Despite its promising title, Perry Anderson’s article will be all too reassuring for Italian readers (LRB, 22 May). Saying effectively, ‘Italy is a disaster, but not much worse than the European average’ is to say exactly what the majority of Italians already believe. Berlusconi’s voters certainly share this view, and act accordingly.
Anderson offers an overview of the topic, but on two key aspects he is quite misleading. First, the demonisation of Giorgio Napolitano’s communist past. Napolitano is perfectly representative of the Italian Communist Party elite. The fact that he was on the ‘right’ of the Party made little difference. Left, right and centre of the Italian CP were always bound by Leninist discipline. Even the episode of a (possible) youthful fascist phase was quite common in the PCI leadership (and rank and file, for that matter). A quick glance at the index of Ruggero Zangrandi’s Il lungo viaggio attraverso il fascismo (1948, second edition 1962) is enough to dispel any illusion on that front. As Palmiro Togliatti well knew, there was no way one could create a mass party only with individuals with an unblemished anti-fascist record.
Second, pace Anderson, the Manifesto group was not expelled because of its stance on the invasion of Czechoslovakia (the only note of dissent in the Central Committee of the PCI came from Ambrogio Donini, who actually supported the invasion).
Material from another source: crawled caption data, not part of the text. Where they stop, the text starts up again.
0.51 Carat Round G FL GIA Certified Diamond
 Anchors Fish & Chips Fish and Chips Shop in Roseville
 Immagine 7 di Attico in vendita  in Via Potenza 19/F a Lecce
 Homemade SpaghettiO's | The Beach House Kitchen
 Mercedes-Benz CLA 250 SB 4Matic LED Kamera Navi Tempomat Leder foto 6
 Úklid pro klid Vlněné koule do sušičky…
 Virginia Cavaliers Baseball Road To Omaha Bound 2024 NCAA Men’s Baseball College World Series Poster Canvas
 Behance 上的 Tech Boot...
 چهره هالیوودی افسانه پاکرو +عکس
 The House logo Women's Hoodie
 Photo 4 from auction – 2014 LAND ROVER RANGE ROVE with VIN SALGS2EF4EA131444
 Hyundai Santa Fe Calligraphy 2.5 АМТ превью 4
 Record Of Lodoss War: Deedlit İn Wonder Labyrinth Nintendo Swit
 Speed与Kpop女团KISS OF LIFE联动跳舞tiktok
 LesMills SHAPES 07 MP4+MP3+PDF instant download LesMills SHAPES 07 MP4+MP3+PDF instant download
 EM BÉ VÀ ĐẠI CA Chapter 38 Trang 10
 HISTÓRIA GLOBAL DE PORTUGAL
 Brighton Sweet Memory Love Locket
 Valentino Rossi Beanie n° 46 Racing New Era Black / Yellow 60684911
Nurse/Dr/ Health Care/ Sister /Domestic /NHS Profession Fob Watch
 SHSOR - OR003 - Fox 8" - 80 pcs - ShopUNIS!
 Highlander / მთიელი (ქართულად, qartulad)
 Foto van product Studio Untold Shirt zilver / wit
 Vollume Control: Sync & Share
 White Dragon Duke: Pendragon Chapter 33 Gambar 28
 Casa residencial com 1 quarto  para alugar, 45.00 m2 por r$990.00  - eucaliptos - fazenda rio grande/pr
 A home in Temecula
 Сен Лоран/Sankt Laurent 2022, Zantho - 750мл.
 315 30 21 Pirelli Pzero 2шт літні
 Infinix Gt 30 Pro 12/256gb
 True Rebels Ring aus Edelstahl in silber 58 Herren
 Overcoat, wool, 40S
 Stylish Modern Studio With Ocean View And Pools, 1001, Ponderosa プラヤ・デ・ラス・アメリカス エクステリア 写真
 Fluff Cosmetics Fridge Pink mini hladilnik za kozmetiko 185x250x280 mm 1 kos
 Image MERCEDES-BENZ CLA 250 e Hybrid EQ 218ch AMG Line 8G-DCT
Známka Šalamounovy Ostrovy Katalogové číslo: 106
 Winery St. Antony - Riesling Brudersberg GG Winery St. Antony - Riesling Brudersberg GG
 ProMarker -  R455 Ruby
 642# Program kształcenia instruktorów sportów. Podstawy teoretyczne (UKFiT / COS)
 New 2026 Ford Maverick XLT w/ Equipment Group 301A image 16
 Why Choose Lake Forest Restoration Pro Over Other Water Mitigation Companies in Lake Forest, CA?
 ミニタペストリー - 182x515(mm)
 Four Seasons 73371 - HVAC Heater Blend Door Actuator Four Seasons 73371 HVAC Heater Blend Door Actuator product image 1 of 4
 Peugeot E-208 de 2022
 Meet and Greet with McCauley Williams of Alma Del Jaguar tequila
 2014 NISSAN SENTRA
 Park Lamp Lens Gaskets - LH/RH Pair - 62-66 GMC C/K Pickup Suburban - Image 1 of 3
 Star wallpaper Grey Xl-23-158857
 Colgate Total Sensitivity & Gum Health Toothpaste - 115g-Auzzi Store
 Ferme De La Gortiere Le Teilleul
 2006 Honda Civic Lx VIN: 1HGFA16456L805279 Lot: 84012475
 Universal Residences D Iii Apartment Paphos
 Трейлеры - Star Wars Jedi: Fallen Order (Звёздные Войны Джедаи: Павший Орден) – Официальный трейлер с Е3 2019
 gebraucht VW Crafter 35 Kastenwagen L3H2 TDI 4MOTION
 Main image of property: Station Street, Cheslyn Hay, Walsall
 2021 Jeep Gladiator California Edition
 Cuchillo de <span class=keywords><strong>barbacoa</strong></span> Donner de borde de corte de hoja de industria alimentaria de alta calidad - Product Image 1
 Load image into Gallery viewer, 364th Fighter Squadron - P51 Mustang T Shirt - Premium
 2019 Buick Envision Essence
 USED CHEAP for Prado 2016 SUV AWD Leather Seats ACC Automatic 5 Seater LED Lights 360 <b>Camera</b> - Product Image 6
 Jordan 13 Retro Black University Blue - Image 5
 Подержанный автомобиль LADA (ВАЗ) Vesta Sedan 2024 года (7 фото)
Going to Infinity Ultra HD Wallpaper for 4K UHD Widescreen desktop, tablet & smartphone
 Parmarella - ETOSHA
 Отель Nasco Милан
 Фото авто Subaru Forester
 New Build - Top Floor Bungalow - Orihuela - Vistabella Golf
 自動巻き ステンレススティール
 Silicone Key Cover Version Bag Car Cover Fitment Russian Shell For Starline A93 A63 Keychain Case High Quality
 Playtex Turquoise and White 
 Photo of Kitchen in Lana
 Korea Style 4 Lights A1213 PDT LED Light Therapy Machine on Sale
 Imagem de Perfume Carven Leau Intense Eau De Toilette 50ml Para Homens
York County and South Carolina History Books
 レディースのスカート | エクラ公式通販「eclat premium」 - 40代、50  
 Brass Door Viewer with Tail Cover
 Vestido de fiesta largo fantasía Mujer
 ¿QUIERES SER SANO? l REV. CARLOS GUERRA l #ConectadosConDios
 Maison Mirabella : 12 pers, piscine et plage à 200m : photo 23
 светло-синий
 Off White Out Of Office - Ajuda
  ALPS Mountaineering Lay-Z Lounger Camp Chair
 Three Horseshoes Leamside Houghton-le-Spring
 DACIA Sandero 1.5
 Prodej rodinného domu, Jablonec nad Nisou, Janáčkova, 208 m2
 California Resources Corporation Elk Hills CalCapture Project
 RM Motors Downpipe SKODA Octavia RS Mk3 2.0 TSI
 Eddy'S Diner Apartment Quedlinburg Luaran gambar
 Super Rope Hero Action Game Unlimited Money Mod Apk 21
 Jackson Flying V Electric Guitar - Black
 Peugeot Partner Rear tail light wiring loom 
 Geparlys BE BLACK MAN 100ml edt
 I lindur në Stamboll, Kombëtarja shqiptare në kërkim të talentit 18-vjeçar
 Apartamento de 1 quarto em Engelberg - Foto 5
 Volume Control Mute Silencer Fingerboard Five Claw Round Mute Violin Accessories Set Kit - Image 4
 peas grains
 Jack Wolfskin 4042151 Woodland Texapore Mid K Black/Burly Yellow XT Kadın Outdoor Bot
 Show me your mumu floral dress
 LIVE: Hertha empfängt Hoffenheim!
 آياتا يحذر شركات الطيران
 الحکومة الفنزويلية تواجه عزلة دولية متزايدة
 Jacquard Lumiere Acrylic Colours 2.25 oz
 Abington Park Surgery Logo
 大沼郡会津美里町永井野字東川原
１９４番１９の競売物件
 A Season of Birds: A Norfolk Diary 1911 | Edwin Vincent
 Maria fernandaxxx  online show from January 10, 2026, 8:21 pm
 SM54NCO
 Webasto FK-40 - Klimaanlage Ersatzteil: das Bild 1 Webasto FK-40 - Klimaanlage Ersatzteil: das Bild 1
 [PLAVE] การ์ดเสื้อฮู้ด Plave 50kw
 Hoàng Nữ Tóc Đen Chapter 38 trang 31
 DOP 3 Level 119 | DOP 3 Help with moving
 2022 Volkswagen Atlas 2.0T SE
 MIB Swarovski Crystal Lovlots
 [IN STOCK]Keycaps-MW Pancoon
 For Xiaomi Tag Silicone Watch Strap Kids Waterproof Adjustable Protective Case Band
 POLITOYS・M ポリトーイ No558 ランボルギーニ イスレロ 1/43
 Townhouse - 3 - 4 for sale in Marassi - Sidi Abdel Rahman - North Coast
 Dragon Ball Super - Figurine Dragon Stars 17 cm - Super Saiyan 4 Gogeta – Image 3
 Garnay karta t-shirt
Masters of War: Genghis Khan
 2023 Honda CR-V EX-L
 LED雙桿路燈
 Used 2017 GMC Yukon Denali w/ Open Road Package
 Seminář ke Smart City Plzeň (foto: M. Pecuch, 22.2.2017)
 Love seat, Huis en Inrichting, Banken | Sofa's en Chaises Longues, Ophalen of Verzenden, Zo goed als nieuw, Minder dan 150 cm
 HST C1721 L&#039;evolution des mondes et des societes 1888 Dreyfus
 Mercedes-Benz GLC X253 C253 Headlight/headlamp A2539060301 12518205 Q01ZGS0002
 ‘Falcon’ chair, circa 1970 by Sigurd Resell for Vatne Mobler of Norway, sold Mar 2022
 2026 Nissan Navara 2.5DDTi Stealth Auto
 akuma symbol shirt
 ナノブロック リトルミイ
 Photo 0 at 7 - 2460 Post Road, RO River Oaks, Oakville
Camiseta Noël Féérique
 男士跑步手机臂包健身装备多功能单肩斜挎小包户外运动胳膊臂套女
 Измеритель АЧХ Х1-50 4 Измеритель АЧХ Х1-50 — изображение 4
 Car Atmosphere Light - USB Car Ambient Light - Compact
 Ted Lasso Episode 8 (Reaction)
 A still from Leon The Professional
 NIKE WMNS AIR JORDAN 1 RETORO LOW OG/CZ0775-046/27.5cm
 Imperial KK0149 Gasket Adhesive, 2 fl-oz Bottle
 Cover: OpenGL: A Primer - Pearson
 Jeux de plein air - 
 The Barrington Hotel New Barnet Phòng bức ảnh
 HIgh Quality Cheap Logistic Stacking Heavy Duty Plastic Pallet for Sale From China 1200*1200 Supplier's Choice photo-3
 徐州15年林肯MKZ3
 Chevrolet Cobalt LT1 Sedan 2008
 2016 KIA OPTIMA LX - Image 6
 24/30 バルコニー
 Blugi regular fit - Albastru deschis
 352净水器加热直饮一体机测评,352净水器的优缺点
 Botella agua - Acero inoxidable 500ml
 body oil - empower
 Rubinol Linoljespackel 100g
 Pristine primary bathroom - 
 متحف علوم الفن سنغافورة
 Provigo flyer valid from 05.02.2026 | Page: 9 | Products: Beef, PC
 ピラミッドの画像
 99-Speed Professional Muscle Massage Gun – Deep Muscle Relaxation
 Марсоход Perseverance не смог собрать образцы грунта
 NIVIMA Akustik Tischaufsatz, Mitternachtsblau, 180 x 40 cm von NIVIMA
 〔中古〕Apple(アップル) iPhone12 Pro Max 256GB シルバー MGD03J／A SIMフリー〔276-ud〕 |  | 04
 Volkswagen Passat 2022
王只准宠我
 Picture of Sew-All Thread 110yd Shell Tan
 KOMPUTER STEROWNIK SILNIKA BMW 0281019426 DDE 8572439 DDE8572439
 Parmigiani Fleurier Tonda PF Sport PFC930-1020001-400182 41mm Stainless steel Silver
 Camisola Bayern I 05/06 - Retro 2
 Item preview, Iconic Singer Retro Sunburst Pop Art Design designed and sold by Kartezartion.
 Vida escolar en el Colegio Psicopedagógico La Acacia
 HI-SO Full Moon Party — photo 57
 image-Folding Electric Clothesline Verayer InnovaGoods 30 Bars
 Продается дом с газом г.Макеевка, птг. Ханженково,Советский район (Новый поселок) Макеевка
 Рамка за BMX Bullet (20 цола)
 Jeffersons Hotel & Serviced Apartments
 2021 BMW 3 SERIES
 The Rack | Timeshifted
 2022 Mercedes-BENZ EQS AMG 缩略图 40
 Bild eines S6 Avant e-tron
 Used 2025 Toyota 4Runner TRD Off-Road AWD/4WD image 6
The Manifesto group was expelled for the unforgivable crime of factionalism.
Finally, when he comes to Beppe Grillo and his Five Star Movement (M5S), Anderson drops his guard, and does his best to pass over Grillo’s faults, reluctantly admitting the ‘flaws and paradoxes’ of the M5S. Grillo and his movement – if they are at all serious – represent a renewal of a solid tradition of Caesarism and the politics of ‘ni droite ni gauche’ (as Zeev Sternhell would term it). To pin one’s hopes on the Grillo movement amounts to a triumph of hope over experience.
Guido Franzinetti
University of Eastern Piedmont, Vercelli, Italy
‘Italy possesses one newspaper, Il Fatto Quotidiano, founded four years ago by a group of independent journalists that fears no one and breaks every taboo: a single such case from one end of the continent to the other.’ Thus Perry Anderson. I would be curious to hear his analysis of the role played in France in the last few years by Mediapart, which has been instrumental in unveiling, among others, the Cahuzac scandal.
Nathan Letore
Berlin
Perry Anderson might have included Poland in his round-up of recent financial scandals in the EU. The fact that the prime minister, Donald Tusk, and his government are under the protection of the European mainstream media should not prevent our recognising that the government has collected a record number of financial scandals in its short history.
Piotr Sorokin Jankowski
Milan
I write to express fury at the proposal recently presented by London University’s Vice-Chancellor’s Executive Group, a largely faceless collection of administrators with little connection to research and teaching, to close down the University’s immensely distinguished Institute of English Studies. Under the inspired direction of its director, Warwick Gould, and his staff, the Institute at Senate House has acted as a powerhouse for symposia, research projects, the nurture of doctoral students and research fellows, brilliant visiting lecturers, and fertile connections to similar institutions abroad. Through innovative programmes in book history, the study of Yeats and Eliot, and much else, it projects a bracing, interrogative, historically and conceptually sophisticated approach to the humanities, and is set to continue in this productive vein, as a look at its website will confirm. Those who hold fellowships or study there, and anyone who attends conferences, summer schools and lectures, can attest to this. The arguments produced for this cynical and philistine step are utterly specious, especially given the good financial health of the institute, and its attraction of a series of major grants. The proposal that it be broken up for bits is a scandal which must be stopped. A petition can be signed at change.org. There should also be demonstrations in Malet Street, and heads should roll.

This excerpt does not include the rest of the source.